[DESCRIPTION OF THE TASK]
Your copy of the listing should match it exactly, only without pictures.

[DATASET SECTION]
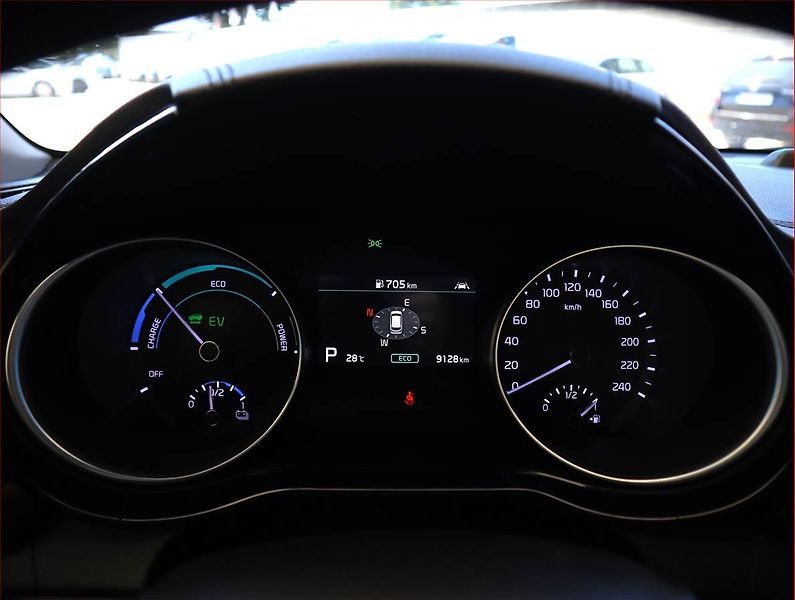 Kia Ceed (2021) Gold 1.6 GDI plug-in, Automat - fotka 11 z 27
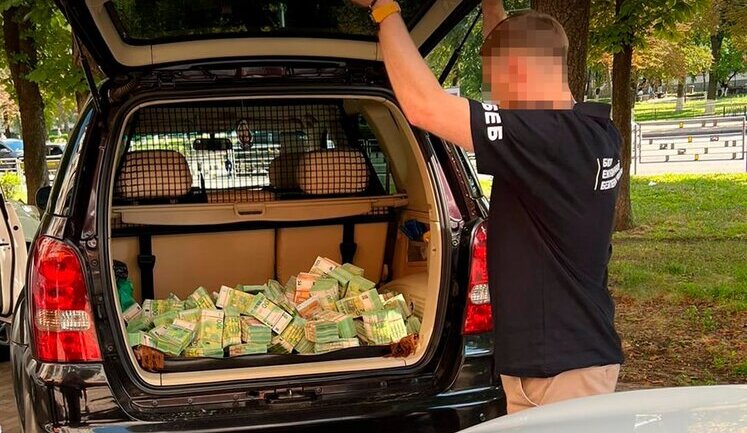 4.7 million euros in trunk were carried by driver of supplying company of MoD and accountant of Hlyniana’s firm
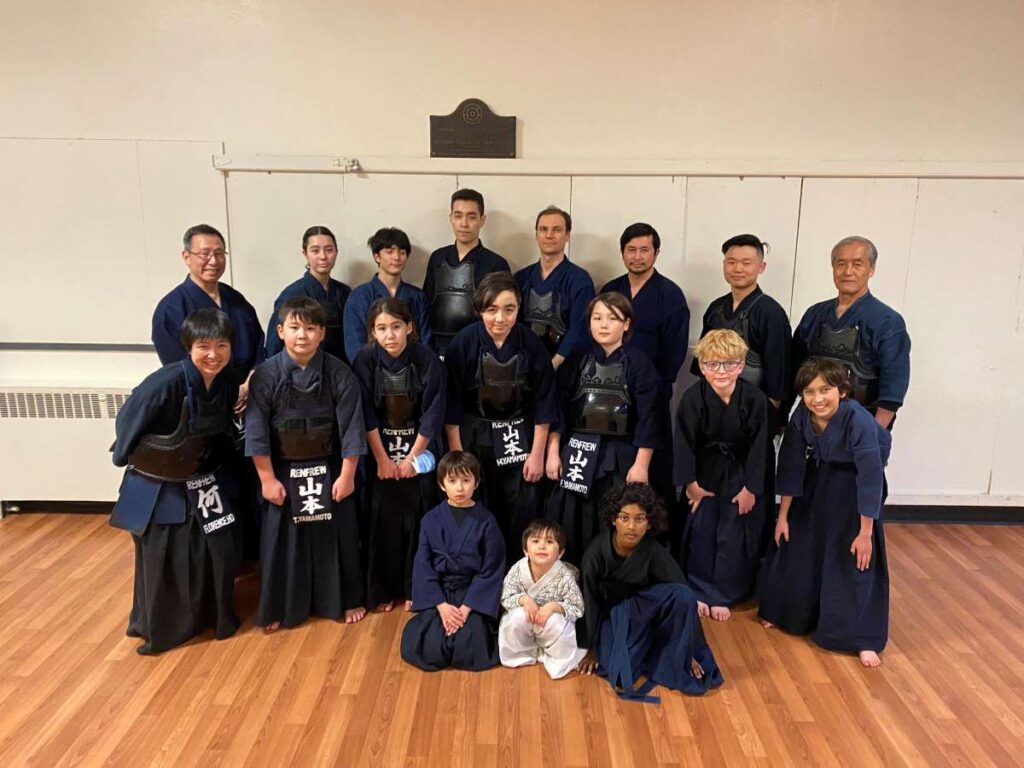 様々な年齢層の会員が一緒に稽古をしている。Photo courtesy of Renfrew Kendo Dojo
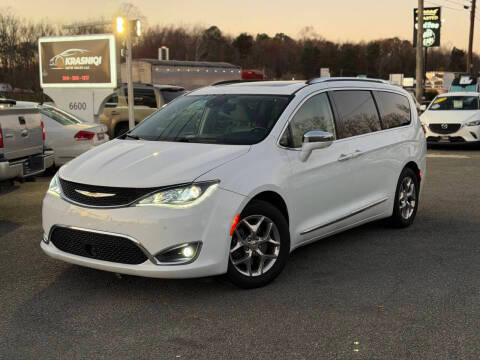 2018 Chrysler Pacifica Minivan Limited FWD photo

[EXERCISE SOLUTION]
 Kia Ceed (2021) Gold 1.6 GDI plug-in, Automat - fotka 11 z 27
 4.7 million euros in trunk were carried by driver of supplying company of MoD and accountant of Hlyniana’s firm
 様々な年齢層の会員が一緒に稽古をしている。Photo courtesy of Renfrew Kendo Dojo
 2018 Chrysler Pacifica Minivan Limited FWD photo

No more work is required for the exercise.